Tribal traditions and three girls’ gruesome demise

ISLAMABAD — Their only offence was to try to marry the men they loved. Their tribe, however, saw it as an affront to its honour. The three teenage girls were kidnapped, taken to a remote area, and shot. Then, still alive, they were dragged bleeding to a ditch, where they were covered in earth and stones, suffocating the remaining life out of them.

Although so-called honour killings are not unusual, burying the victims alive is extreme even by Pakistani tribal standards. The brutal treatment meted out to the girls, aged between 16 and 18, was meant not only to revive the respect of the Umrani tribe, but serve as a warning.

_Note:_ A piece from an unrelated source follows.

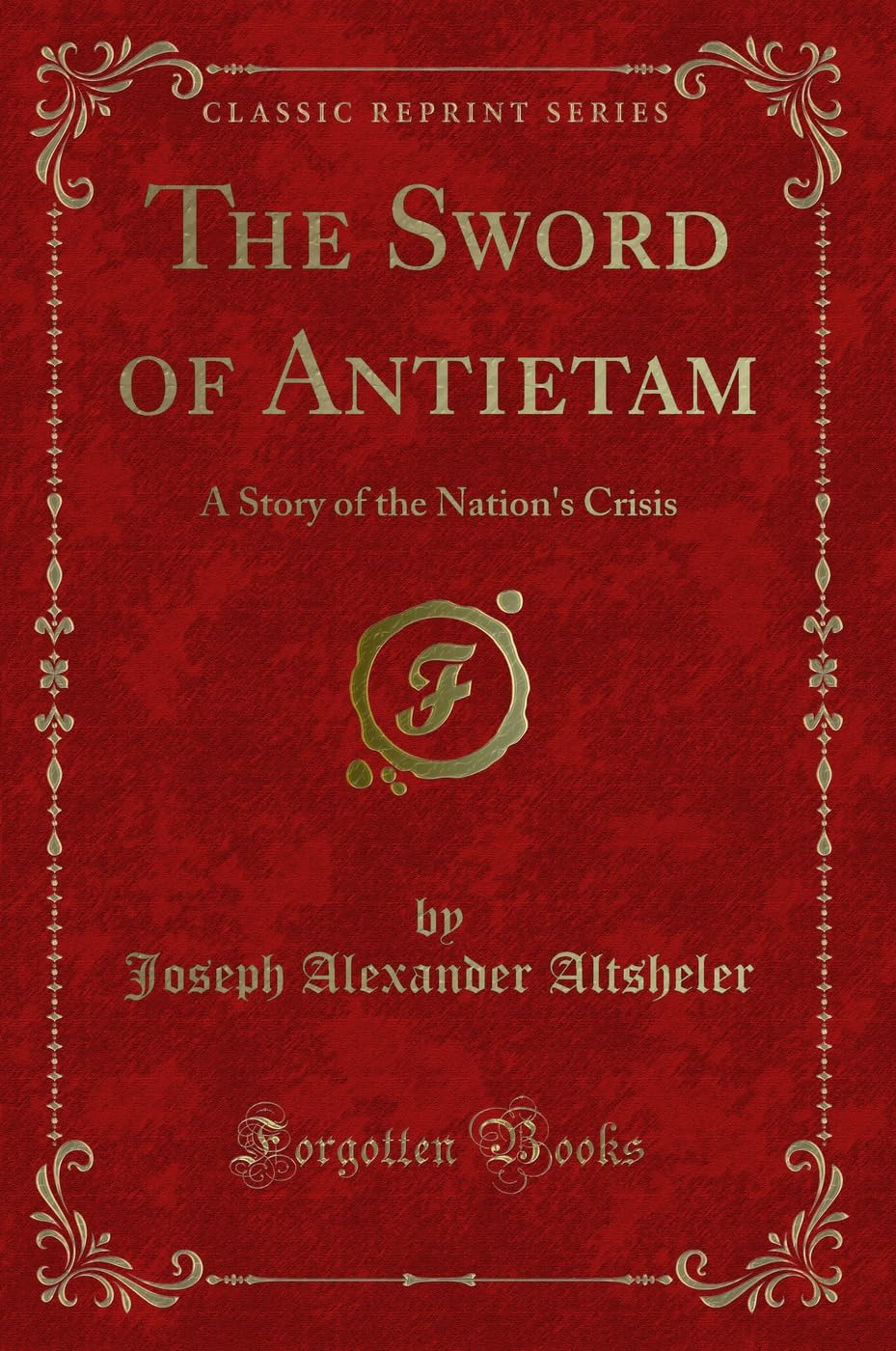 The Sword of Antietam: A Story of the Nation's Crisis (Classic Reprint) Classics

“A proper burial is considered very important. Depriving them [the girls] of an honourable burial is to make sure others learn the lesson,” said Samar Minallah, a human-rights activist who investigated the killings. “But never in Pakistan’s history have we seen the perpetrators of such crimes punished.”

Under tribal tradition, marriages are carefully arranged by elders. Marrying without permission is considered an insult to the honour of the tribe.

Although news of the gruesome killings has only just filtered out from Baluchistan, a remote and lawless province, 1½ months has passed since the girls’ deaths and no one has been arrested. The Human Rights Commission of Pakistan, an independent organization, said that for a month the local police refused its attempts to register a criminal complaint over the case.

A cover-up is suspected. According to several accounts, the brother of a provincial minister, a member of the ruling Pakistan Peoples Party, oversaw the killings, and the girls were abducted by a group of men driving Baluchistan government vehicles. Local grandees officiate over tribal “justice,” the same notables who are typically members of parliament in rural Pakistan.

In Pakistan’s national parliament, the killings were defended by several male legislators from Baluchistan. A senator from Baluchistan, Israrullah Zehri, said on Friday that “this action was carried out according to tribal traditions,” a view backed up by others, who attacked a woman senator who had raised the case.

“These are centuries-old traditions and I will continue to defend them,” Mr. Zehri added over the weekend. “Only those who indulge in immoral acts should be afraid.”

The girls were killed in the Naseerabad district of Baluchistan. Human Rights Watch, the international campaigning group, has conducted its own probe.

“This is a heinous criminal offence,” said Ali Dayan Hasan, of Human Rights Watch. “We have corroborated it and cross-corroborated it, but the second the police admit it happened, it would trigger an investigation.”